Simple wiener filtering or multi-channel wiener filtering 47 can be used to estimate the complex coefficients of the frequency data. The multi-channel wiener filtering 47 is an iterative process using a desired maximization. A first estimate of the complex coefficients may be extracted from the STFT frequency bin 42 of the mixture and multiplied 46 by the corresponding frequency magnitudes 44 output by the post-processing block 45. Wiener filtering 47 assumes that the complex STFT coefficients are independent zero-mean gaussian random variables and under these assumptions, calculates the minimum mean square error of the source variance for each frequency. The outputs of the wiener filtering 47, STFT of timbre class 1 may be inverse transformed (block 48) to generate an estimate of timbre class 1 in the time domain. Trained machine 30/1 may calculate output residual 1 in the frequency domain by subtracting real-valued spectrogram 49 of timbre class 1 from spectrogram 42 of the mixture as output of transform block 40. Residual 1 may be output to trained machine 30/2, and trained machine 30/2 may operate similar to trained machine 30/1, however, transform 40 is superfluous in trained machine 30/2 since residual 1 is already in the frequency domain. Residual 2 is output from trained machine 30/2 by subtracting STFT timbre class 2 from residual 1 in the frequency domain.
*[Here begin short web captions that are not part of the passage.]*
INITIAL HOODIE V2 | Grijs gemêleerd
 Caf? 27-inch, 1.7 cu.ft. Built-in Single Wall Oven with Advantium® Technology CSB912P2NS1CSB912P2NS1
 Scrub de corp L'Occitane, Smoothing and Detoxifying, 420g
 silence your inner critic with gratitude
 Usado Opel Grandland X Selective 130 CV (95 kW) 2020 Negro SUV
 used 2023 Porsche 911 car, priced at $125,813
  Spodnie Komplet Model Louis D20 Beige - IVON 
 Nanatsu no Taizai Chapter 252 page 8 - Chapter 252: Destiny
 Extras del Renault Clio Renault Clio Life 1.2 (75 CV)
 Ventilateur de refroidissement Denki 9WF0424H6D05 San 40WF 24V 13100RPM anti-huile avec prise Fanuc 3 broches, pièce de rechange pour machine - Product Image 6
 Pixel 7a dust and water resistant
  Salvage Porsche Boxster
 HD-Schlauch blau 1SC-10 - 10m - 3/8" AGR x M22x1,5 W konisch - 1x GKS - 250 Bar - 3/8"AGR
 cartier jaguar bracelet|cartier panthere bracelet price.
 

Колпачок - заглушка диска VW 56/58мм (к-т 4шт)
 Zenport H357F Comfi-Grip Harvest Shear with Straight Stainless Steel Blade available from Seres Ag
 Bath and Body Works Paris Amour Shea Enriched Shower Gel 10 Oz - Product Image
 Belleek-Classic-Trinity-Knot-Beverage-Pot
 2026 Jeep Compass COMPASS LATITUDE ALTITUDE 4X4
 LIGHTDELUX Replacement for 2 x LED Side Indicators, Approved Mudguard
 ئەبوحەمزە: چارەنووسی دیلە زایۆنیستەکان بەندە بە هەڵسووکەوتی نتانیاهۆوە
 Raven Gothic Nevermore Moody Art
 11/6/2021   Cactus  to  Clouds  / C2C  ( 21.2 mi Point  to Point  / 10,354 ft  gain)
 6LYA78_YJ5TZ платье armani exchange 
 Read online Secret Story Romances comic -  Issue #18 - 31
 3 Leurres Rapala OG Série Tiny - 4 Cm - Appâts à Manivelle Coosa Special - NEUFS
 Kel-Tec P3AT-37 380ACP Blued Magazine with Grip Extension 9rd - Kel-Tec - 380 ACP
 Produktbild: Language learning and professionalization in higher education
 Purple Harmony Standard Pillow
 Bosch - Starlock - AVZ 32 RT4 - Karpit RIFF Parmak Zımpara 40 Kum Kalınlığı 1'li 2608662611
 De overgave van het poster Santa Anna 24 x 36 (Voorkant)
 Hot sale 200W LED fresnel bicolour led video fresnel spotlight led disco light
Mixing and spatial localization of audio content categories

Referring again to fig. 1, separation 10 of audio content categories may be limited such that, for example, all stereo audio originally recorded in a conventional animated stereo track is included in a separate audio content category (i.e., timbre categories 1-3) (within a previously determined threshold). The timbre class 1 … … N, (e.g., n=3, dialog, music, and sound effects) is mixed and located in the mixing block 12. The mixing block 12 may be configured to classify the separated n=3 timbres: conversations, music and sound effects are virtually mapped to virtual locations around the listener's head.

Referring now also to fig. 5A, which shows the classification of the separated n=3 timbres on the multi-channel output 18 by the mixing block 12: conversations, music, and sound effects map to virtual locations around the listener's head or exemplary mappings of virtual speakers. Five output channels are shown: center C, left L, right R, surround left SL, and surround right SR. Tone color class 1 (e.g., dialog) is shown mapped to a front center position (front centre location) C. Tone color class 2 (e.g., music) is shown mapped to front left L and front right R positions shown shaded with-45 degree lines. Tone color class 3 (e.g., sound effects) is shown as mapped to left rear Surround (SL) and right rear Surround (SR) locations in cross-hatching.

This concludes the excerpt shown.